When it eventually blasts off, the 322-foot (98-meter) New Glenn rocket will have the task of sending US space agency NASA's ESCAPADE twin spacecraft to Mars, in a bid to study the Red Planet's climate history with the eventual hope of human exploration.

Thursday's launch window opens at 2:57 pm (1957 GMT) and lasts 88 minutes.

The second postponement was over "highly elevated solar activity" that NASA was worried could impact its spacecraft.

The sun recently has been spewing charged particles that are interacting with Earth's magnetic field, but the Space Weather Prediction Center said the geomagnetic storm was fading.

Closer to home, these space events have resulted in brilliant northern lights displays across the night sky in North America.

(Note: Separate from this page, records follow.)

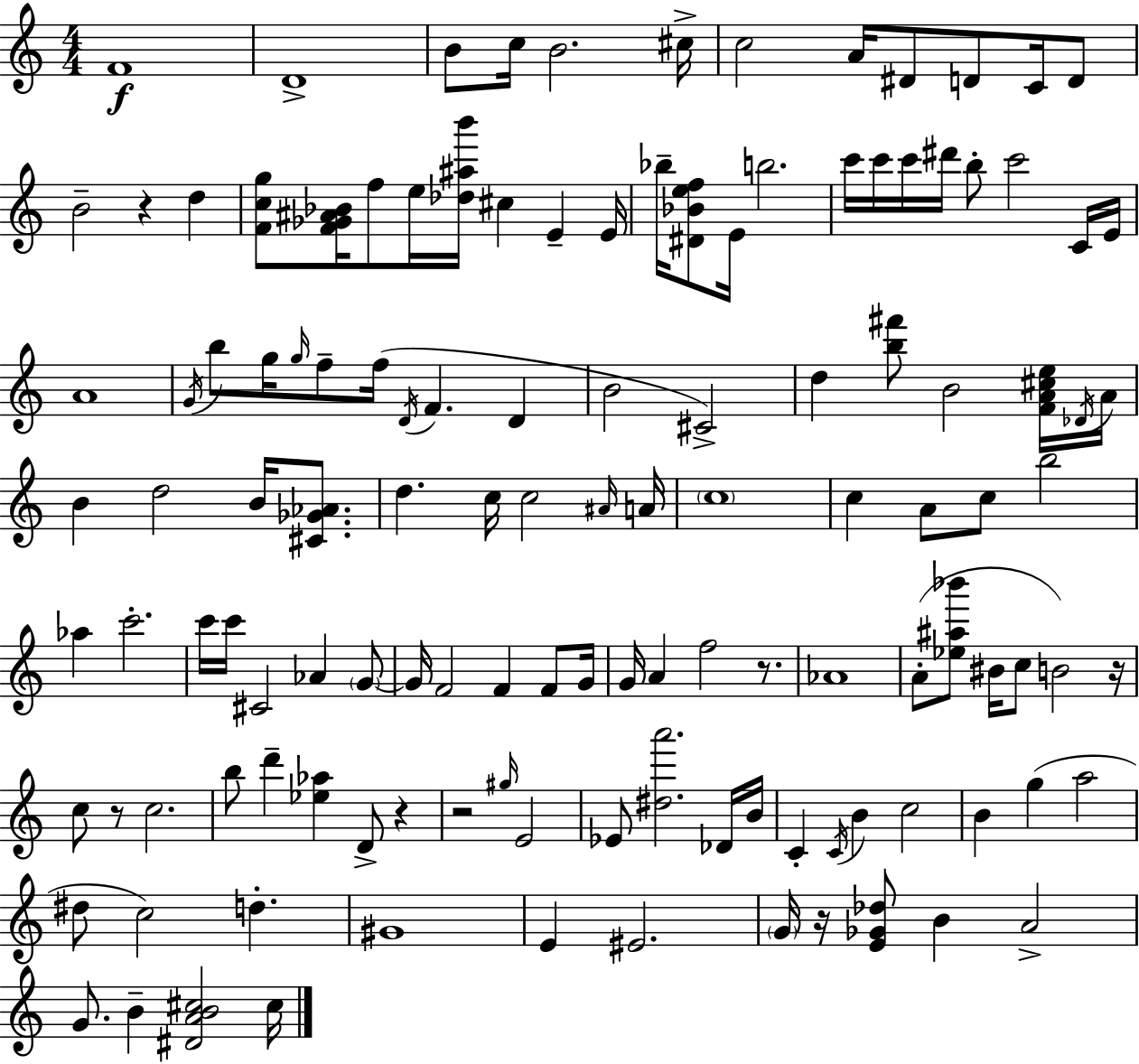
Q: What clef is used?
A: treble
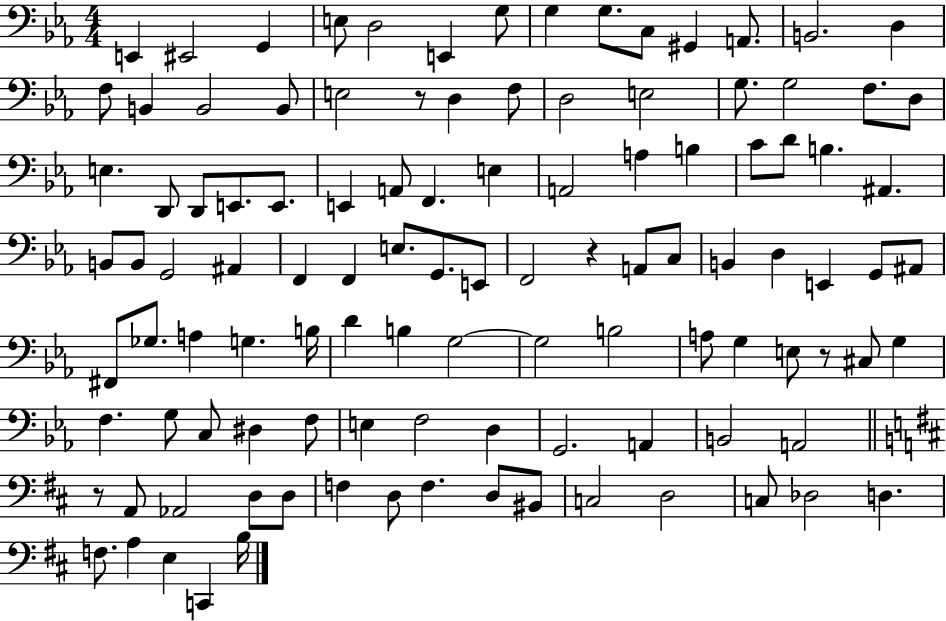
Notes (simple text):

E2/q EIS2/h G2/q E3/e D3/h E2/q G3/e G3/q G3/e. C3/e G#2/q A2/e. B2/h. D3/q F3/e B2/q B2/h B2/e E3/h R/e D3/q F3/e D3/h E3/h G3/e. G3/h F3/e. D3/e E3/q. D2/e D2/e E2/e. E2/e. E2/q A2/e F2/q. E3/q A2/h A3/q B3/q C4/e D4/e B3/q. A#2/q. B2/e B2/e G2/h A#2/q F2/q F2/q E3/e. G2/e. E2/e F2/h R/q A2/e C3/e B2/q D3/q E2/q G2/e A#2/e F#2/e Gb3/e. A3/q G3/q. B3/s D4/q B3/q G3/h G3/h B3/h A3/e G3/q E3/e R/e C#3/e G3/q F3/q. G3/e C3/e D#3/q F3/e E3/q F3/h D3/q G2/h. A2/q B2/h A2/h R/e A2/e Ab2/h D3/e D3/e F3/q D3/e F3/q. D3/e BIS2/e C3/h D3/h C3/e Db3/h D3/q. F3/e. A3/q E3/q C2/q B3/s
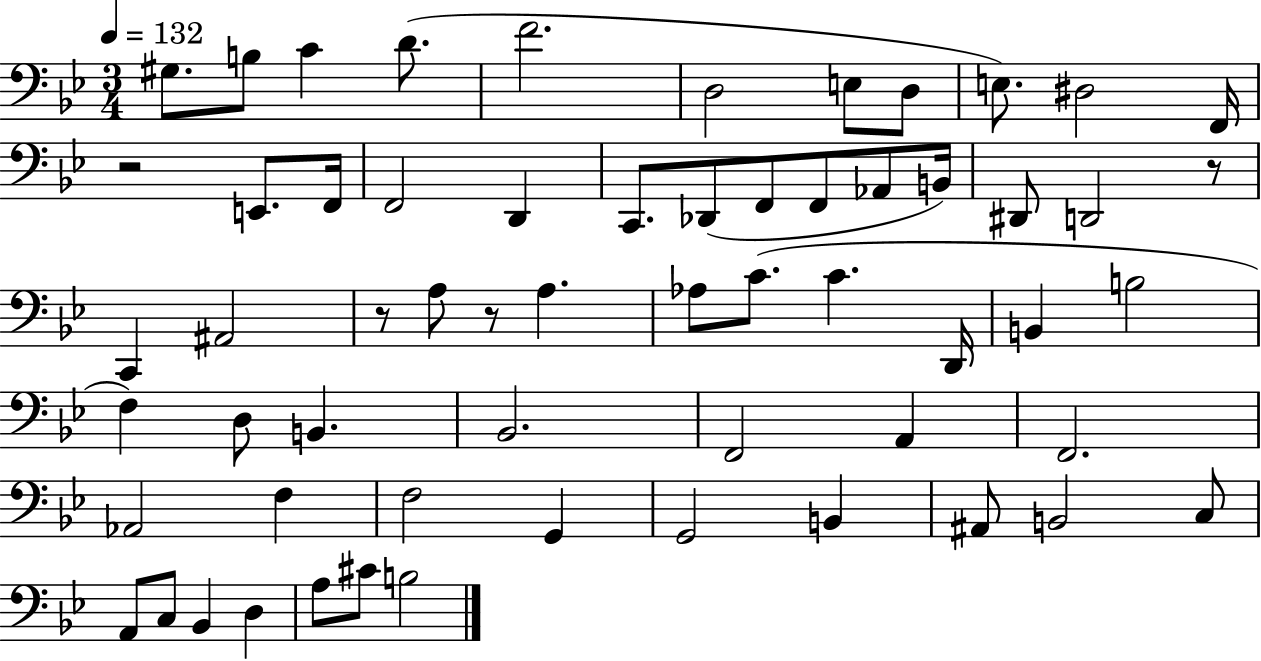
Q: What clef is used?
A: bass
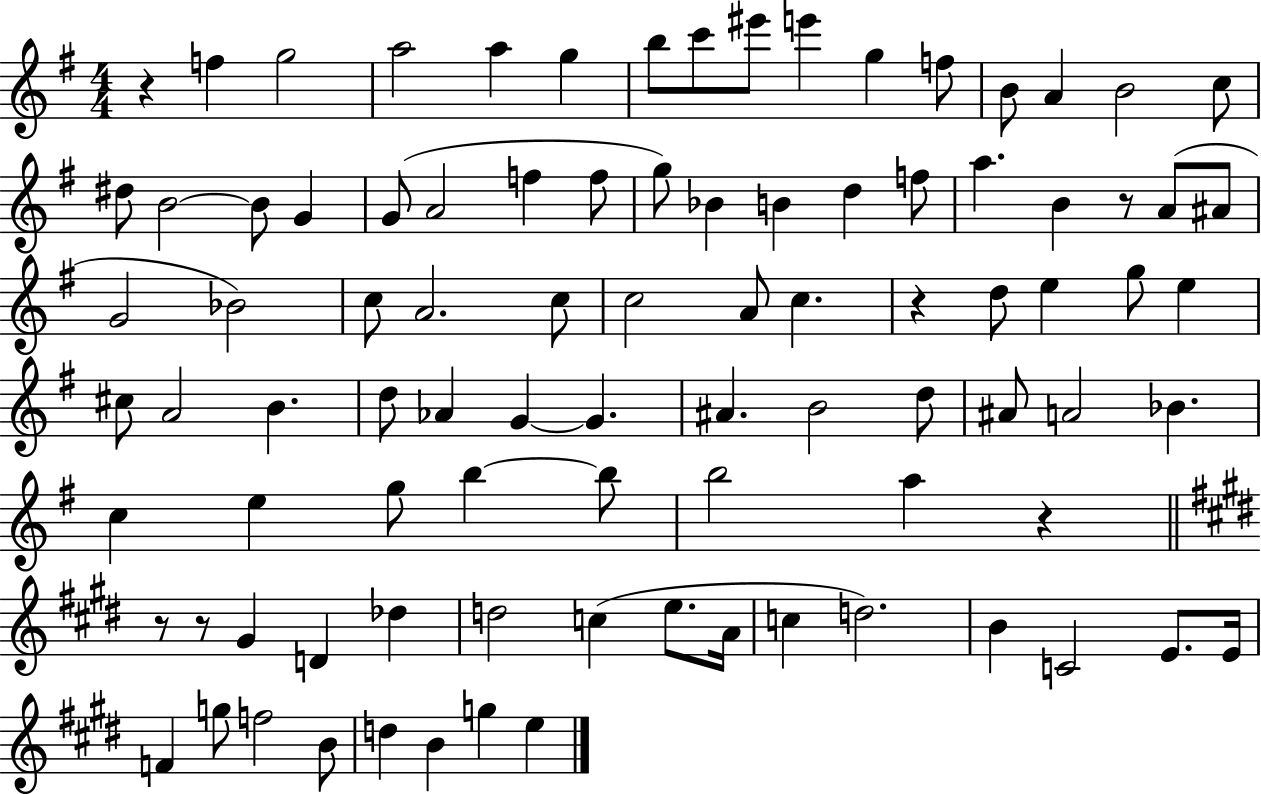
X:1
T:Untitled
M:4/4
L:1/4
K:G
z f g2 a2 a g b/2 c'/2 ^e'/2 e' g f/2 B/2 A B2 c/2 ^d/2 B2 B/2 G G/2 A2 f f/2 g/2 _B B d f/2 a B z/2 A/2 ^A/2 G2 _B2 c/2 A2 c/2 c2 A/2 c z d/2 e g/2 e ^c/2 A2 B d/2 _A G G ^A B2 d/2 ^A/2 A2 _B c e g/2 b b/2 b2 a z z/2 z/2 ^G D _d d2 c e/2 A/4 c d2 B C2 E/2 E/4 F g/2 f2 B/2 d B g e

The New Glenn launch is due to proceed amid intensifying competition between Blue Origin and Elon Musk's SpaceX.

The rival companies of billionaires Musk and Bezos are locked in a commercial space race that recently escalated, as NASA opened up bids for its planned Moon mission.

Blue Origin's launch is to serve as a key test of whether it can achieve booster recovery, which would prove a technical breakthrough for the company if successful.

New Glenn's inaugural flight in January was marked as a success, as its payload achieved orbit and successfully performed tests.

But its first-stage booster, which was meant to be reusable, did not stick to its landing on a platform in the Atlantic, and instead was lost during descent.

In its second effort Blue Origin will try once more to recover the booster stage. Thus far, only Musk's company SpaceX has managed that feat.